_WHAT IS BEING ASKED_:
Write out the entries below exactly, from the first line to the one with "Évente tízezer vastagbélrák-megbetegedést", both ends included.

(Collected data entries)
============
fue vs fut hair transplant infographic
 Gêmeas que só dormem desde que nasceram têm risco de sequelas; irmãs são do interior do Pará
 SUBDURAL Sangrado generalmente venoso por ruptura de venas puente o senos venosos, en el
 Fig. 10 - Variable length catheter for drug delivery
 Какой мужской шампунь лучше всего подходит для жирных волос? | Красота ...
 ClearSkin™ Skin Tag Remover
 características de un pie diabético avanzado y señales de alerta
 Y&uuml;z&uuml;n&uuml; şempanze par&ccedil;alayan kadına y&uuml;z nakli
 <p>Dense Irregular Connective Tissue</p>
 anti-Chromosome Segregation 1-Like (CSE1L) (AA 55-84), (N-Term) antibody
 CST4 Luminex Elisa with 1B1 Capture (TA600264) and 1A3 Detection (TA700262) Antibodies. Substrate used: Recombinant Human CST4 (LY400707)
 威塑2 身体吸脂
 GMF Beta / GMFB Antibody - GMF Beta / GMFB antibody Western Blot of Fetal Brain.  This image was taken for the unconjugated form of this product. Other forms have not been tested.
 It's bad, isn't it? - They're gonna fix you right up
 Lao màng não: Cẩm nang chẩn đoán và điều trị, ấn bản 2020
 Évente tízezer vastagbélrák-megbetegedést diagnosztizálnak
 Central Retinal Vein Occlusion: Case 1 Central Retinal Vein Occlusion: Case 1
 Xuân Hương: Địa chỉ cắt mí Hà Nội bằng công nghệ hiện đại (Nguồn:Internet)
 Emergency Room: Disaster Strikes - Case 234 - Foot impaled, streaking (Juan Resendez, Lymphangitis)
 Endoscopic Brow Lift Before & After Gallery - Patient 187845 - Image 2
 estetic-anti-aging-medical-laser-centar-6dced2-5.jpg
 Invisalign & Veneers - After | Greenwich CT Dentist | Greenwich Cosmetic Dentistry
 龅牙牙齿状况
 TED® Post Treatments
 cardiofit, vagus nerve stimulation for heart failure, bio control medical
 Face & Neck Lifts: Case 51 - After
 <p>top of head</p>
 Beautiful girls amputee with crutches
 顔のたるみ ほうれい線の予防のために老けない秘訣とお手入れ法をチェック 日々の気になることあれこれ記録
============
_ANSWER TO THE PROBLEM_:
fue vs fut hair transplant infographic
 Gêmeas que só dormem desde que nasceram têm risco de sequelas; irmãs são do interior do Pará
 SUBDURAL Sangrado generalmente venoso por ruptura de venas puente o senos venosos, en el
 Fig. 10 - Variable length catheter for drug delivery
 Какой мужской шампунь лучше всего подходит для жирных волос? | Красота ...
 ClearSkin™ Skin Tag Remover
 características de un pie diabético avanzado y señales de alerta
 Y&uuml;z&uuml;n&uuml; şempanze par&ccedil;alayan kadına y&uuml;z nakli
 <p>Dense Irregular Connective Tissue</p>
 anti-Chromosome Segregation 1-Like (CSE1L) (AA 55-84), (N-Term) antibody
 CST4 Luminex Elisa with 1B1 Capture (TA600264) and 1A3 Detection (TA700262) Antibodies. Substrate used: Recombinant Human CST4 (LY400707)
 威塑2 身体吸脂
 GMF Beta / GMFB Antibody - GMF Beta / GMFB antibody Western Blot of Fetal Brain.  This image was taken for the unconjugated form of this product. Other forms have not been tested.
 It's bad, isn't it? - They're gonna fix you right up
 Lao màng não: Cẩm nang chẩn đoán và điều trị, ấn bản 2020
 Évente tízezer vastagbélrák-megbetegedést diagnosztizálnak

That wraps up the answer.